A restrictor plate is a device that limits engine power to slow a vehicle down. They may be used in racing for safety or in an effort to even the field. In addition, they are installed on some vehicles for insurance purposes, to restrict a driver from exceeding a safe rate of speed. Vehicle manufacturers may install them on custom models by request and they can also be fitted by mechanics on finished vehicles, in a modification to the original design.
This device consists of a flat metal plate with a series of drilled holes. It is placed over the engine's air intake to limit the amount of air that enters, and by extension, to control the level of power available to the vehicle.
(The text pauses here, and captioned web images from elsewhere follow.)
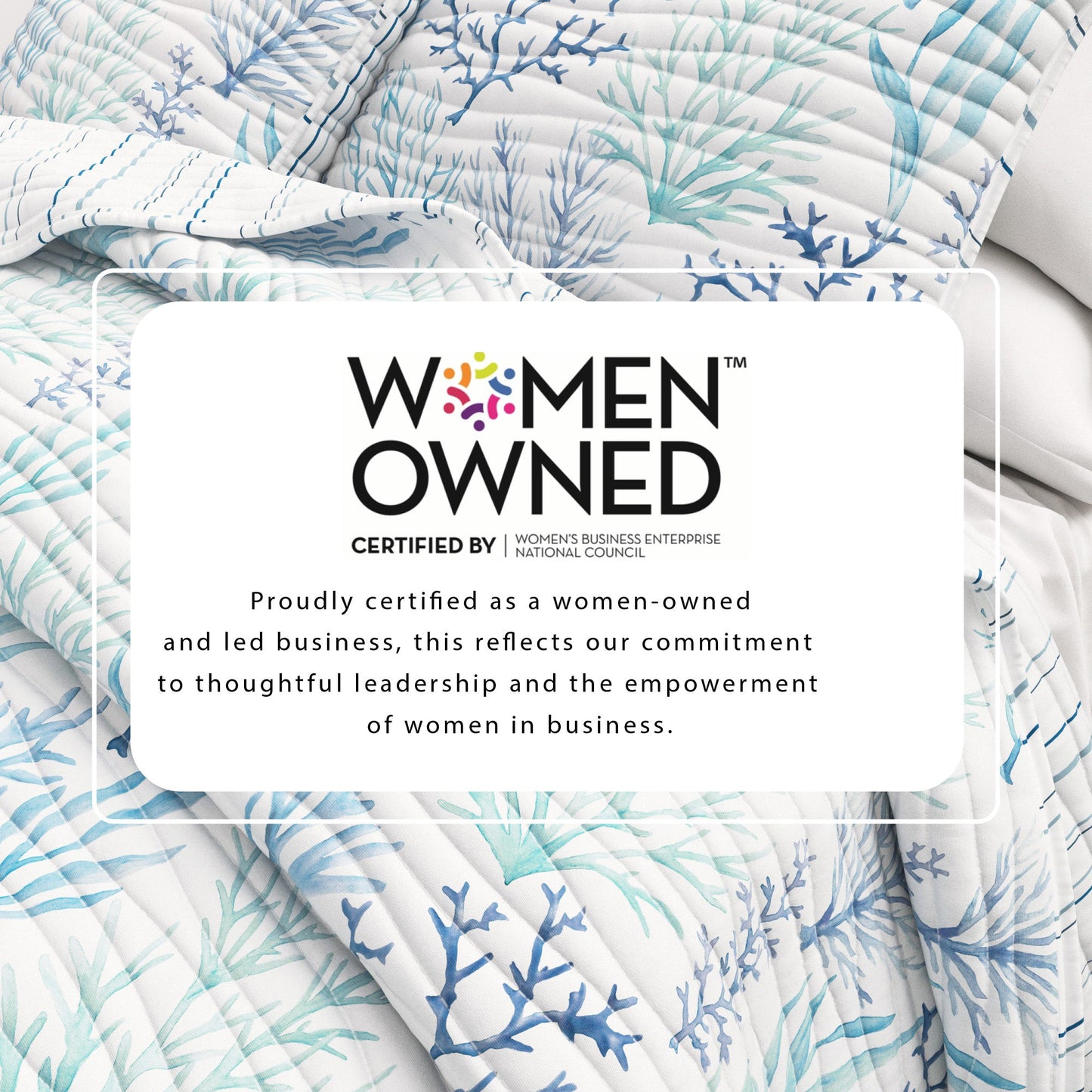 Watercolor Blue Coral Quilt for the Bedroom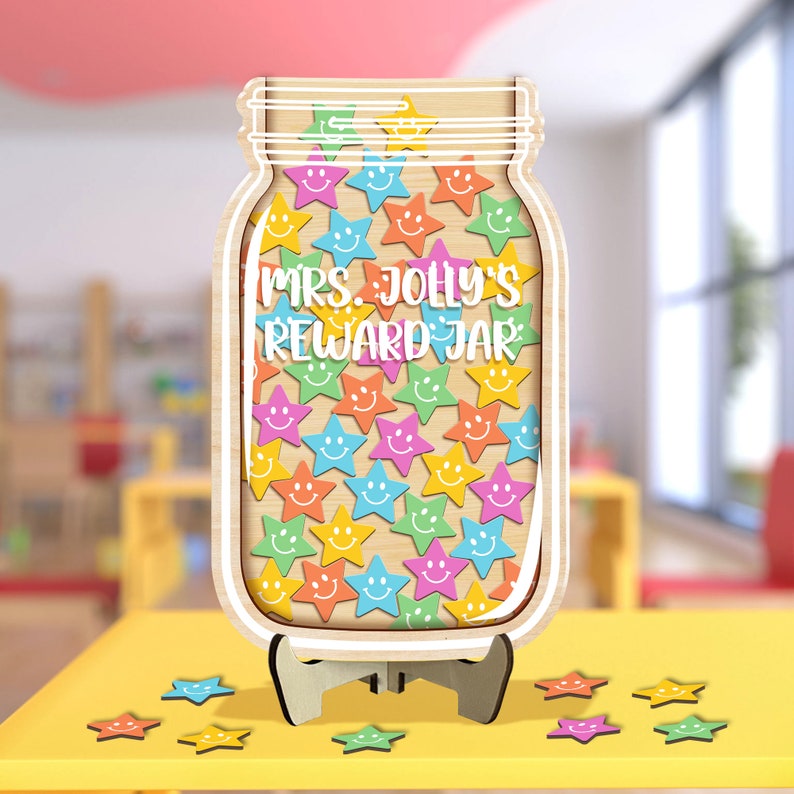 Personalized Teacher Name Rewards Jar, Smiling Star Tokens Reward Jar ...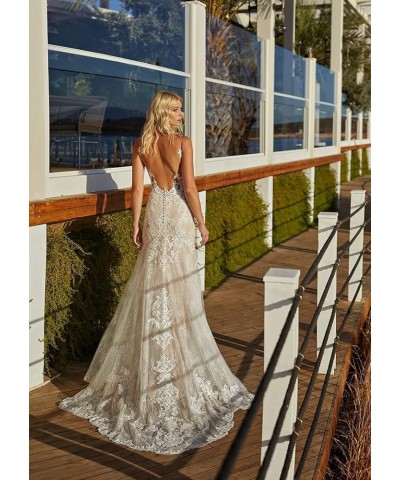 Lace Beach Boho Wedding Dresses for Bride 2023 Long Bohemian Mermaid Bridal Gowns for Women MR46 L-champagne $70.95 Dresses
The size of the holes determines the amount of control offered by the restrictor plate. Other measures can be taken to limit speed as well, such as adjusting cooling systems to force vehicles to overheat if they exceed a given speed.
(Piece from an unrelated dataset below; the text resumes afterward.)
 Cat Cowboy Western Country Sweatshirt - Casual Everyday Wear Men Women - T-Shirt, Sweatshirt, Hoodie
In racing, officials can mandate the use of a restrictor plate. Their guidelines for the race dictate the size of the holes as well, to ensure that all vehicles are fitted with consistent equipment. Drivers may need to change plates between events, as some may use more permissive regulations than others. Safety officials can inspect a vehicle to confirm the device is installed and measure the holes to make sure they fall within regulation.
As race car development progresses, cars go faster and faster, and are tuned for very high performance. In meets, this can translate into safety issues, as the higher the speeds, the more dangerous the potential crashes. A restrictor plate can keep cars within a certain speed range, which can make racing much safer. They can also provide some equalizing forces by ensuring that groups with substantial funds to invest in development cannot outstrip smaller teams that may have equally skilled drivers but lack the technology for high speeds.
For insurance purposes, a restrictor plate cuts top speed, which can reduce the premium on a policy. This can be a particular concern with sports cars and motorcycles designed to be driven at high speed. The insurance company may have concerns about liabilities associated with such vehicles, and can refuse to cover them if a restrictor plate is not fitted, or may charge very high policy fees to encourage drivers to consider limiting engine power.